Appalti UE, Egualia: «Italia e Bruxelles nella stessa direzione»

La proposta di riforma degli appalti pubblici presentata dalla Commissione europea conferma, secondo Egualia – Industrie Farmaci Accessibili, una direzione già intrapresa dall’Italia nel procurement farmaceutico: superare una competizione basata prevalentemente sul prezzo e valorizzare qualità, affidabilità delle forniture, pluralità dei fornitori e resilienza delle catene di approvvigionamento.

La nuova proposta di Public Procurement Act introduce il principio del miglior rapporto qualità-prezzo e prevede un peso minimo per i criteri qualitativi, insieme a una maggiore attenzione alla sicurezza delle forniture, alla resilienza e alle dipendenze strategiche.

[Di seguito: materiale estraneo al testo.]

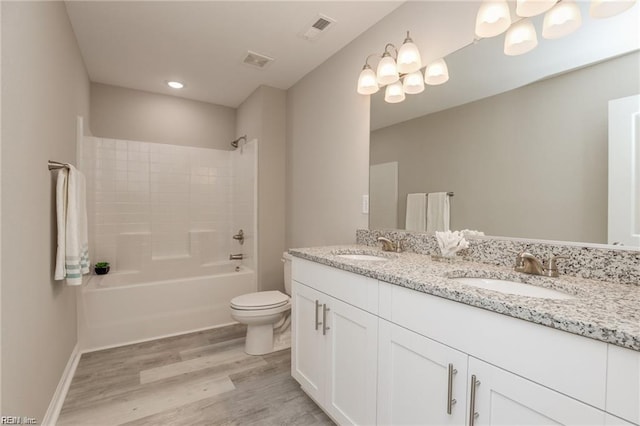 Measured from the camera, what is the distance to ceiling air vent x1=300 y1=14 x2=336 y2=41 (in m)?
1.92

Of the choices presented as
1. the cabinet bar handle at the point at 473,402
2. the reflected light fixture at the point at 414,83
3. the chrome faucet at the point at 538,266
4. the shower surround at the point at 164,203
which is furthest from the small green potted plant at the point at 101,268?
the chrome faucet at the point at 538,266

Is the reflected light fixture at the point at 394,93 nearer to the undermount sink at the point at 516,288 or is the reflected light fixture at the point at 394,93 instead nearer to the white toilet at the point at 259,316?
the undermount sink at the point at 516,288

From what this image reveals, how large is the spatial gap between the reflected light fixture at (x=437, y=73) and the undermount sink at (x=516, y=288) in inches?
42.4

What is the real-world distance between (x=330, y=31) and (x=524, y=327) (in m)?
2.10

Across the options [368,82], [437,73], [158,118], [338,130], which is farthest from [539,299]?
[158,118]

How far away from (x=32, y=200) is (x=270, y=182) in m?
1.89

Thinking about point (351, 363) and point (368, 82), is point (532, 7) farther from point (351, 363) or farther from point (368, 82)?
point (351, 363)

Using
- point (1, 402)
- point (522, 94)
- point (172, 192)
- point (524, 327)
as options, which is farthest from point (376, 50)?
point (172, 192)

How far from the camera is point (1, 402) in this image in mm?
963

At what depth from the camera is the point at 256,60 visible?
2.47 metres

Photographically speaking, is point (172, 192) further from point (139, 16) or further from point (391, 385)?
point (391, 385)

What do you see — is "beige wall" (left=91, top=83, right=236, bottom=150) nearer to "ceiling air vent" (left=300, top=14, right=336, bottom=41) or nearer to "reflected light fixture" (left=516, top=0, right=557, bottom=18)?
"ceiling air vent" (left=300, top=14, right=336, bottom=41)

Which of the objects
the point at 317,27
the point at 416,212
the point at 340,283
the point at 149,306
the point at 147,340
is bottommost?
the point at 147,340

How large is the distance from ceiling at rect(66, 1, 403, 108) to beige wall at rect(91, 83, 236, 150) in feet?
0.60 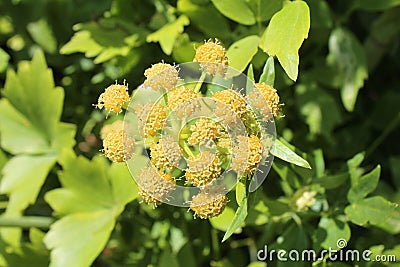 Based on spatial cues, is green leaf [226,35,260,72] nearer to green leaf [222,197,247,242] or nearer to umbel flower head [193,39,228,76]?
umbel flower head [193,39,228,76]

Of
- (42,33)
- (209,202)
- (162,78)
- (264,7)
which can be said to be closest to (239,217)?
(209,202)

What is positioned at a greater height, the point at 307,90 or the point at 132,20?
the point at 132,20

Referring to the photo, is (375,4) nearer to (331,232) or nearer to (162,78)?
(331,232)

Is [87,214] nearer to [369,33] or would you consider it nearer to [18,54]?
→ [18,54]

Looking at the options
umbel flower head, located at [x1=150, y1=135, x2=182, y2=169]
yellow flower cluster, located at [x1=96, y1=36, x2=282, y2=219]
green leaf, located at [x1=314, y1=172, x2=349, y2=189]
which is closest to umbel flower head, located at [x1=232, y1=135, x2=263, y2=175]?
yellow flower cluster, located at [x1=96, y1=36, x2=282, y2=219]

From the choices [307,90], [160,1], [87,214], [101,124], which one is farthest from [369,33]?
[87,214]

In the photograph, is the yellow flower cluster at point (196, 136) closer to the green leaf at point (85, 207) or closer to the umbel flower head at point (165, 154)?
the umbel flower head at point (165, 154)

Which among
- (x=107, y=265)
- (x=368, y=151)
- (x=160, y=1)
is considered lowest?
(x=107, y=265) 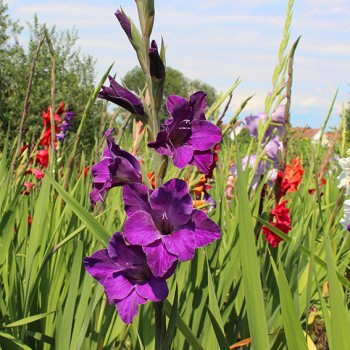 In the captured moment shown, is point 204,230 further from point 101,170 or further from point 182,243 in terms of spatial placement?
point 101,170

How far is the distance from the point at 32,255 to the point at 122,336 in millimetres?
340

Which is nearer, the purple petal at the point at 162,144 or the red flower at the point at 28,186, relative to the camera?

Il nuovo accordo quadro per i farmaci fuori brevetto

Per Egualia, l’impostazione europea rafforza la scelta compiuta dal legislatore italiano con la nuova disciplina dell’accordo quadro per i farmaci fuori brevetto. Ora, sottolinea l’associazione, è necessario garantirne la piena e concreta attuazione nelle procedure di acquisto.

Nel settore farmaceutico, infatti, le modalità di costruzione e aggiudicazione delle gare incidono non solo sull’efficienza della spesa pubblica, ma anche sulla struttura del mercato, sulla pluralità degli operatori e sulla capacità delle imprese di programmare la produzione, con effetti sulla continuità della disponibilità dei medicinali per il Servizio sanitario nazionale.

UE e Italia puntano a superare una competizione basata prevalentemente sul prezzo

Egualia considera quindi essenziali procedure multi-aggiudicatario, capaci di preservare la concorrenza e ridurre i rischi legati a un’eccessiva concentrazione dell’offerta. I criteri di gara dovrebbero inoltre considerare qualità e affidabilità delle forniture, oltre al prezzo, insieme a una maggiore prevedibilità di domanda e volumi.

Procurement e sicurezza degli approvvigionamenti

L’associazione richiama anche l’esigenza di prestare attenzione alle offerte economicamente non sostenibili, che possono mettere a rischio la continuità delle forniture e favorire l’uscita degli operatori dal mercato.

Egualia chiede piena attuazione del nuovo accordo quadro per i farmaci fuori brevetto

La convergenza tra il percorso italiano e la nuova impostazione europea rappresenta quindi, secondo Egualia, un’opportunità per costruire modelli di gara capaci di coniugare sostenibilità della spesa, concorrenza, continuità delle forniture e sicurezza degli approvvigionamenti.

Per l’associazione, un procurement più equilibrato e prevedibile può contribuire alla sostenibilità del mercato dei farmaci fuori brevetto, favorire gli investimenti produttivi e rafforzare la resilienza del sistema farmaceutico italiano ed europeo.